Instructions to follow: Among the entries, which lines carry the string "Life"? Copy every one.

Short descriptive text snippets
◇ ◇ ◇

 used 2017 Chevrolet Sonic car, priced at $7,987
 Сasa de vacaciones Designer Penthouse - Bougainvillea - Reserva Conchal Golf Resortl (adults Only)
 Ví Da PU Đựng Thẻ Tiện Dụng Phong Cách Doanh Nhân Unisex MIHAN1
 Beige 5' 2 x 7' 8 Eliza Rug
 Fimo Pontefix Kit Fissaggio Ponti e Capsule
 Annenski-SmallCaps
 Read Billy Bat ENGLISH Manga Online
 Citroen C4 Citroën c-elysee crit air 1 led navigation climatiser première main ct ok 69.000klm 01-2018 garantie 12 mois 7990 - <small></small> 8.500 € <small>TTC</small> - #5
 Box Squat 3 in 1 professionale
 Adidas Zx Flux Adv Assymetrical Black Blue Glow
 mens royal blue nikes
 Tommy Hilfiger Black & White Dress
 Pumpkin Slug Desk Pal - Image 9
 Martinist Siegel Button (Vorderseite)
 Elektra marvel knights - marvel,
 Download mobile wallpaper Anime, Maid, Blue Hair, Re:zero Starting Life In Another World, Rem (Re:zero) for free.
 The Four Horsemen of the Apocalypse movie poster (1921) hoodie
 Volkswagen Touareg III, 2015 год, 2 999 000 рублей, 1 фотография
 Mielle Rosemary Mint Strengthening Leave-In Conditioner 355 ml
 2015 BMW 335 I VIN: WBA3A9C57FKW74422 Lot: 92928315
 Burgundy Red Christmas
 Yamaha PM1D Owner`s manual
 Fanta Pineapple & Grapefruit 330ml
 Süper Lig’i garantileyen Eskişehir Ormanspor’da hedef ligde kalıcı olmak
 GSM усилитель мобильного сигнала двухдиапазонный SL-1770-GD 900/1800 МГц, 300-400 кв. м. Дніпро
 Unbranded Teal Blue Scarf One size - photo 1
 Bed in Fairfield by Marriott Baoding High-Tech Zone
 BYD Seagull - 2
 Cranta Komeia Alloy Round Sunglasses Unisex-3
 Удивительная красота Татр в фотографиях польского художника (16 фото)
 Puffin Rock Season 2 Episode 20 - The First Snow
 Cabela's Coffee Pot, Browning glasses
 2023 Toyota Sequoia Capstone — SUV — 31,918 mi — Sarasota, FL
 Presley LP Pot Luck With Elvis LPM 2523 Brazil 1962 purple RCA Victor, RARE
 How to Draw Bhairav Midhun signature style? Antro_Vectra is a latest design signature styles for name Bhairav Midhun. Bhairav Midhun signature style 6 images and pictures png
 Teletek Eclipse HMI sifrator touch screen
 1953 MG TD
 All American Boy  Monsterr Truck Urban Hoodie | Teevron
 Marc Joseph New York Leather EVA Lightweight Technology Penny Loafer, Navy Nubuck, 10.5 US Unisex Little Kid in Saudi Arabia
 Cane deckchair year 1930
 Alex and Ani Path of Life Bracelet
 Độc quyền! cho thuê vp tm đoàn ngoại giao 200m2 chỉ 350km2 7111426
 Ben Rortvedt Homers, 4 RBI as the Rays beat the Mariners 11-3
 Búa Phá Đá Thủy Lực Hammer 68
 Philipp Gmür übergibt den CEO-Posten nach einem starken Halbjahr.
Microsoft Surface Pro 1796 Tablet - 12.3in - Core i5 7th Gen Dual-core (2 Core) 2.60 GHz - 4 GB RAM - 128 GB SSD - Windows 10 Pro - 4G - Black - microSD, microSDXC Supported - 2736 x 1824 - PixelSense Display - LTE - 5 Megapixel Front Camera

◇ ◇ ◇

Exercise solution:
 Download mobile wallpaper Anime, Maid, Blue Hair, Re:zero Starting Life In Another World, Rem (Re:zero) for free.
 Alex and Ani Path of Life Bracelet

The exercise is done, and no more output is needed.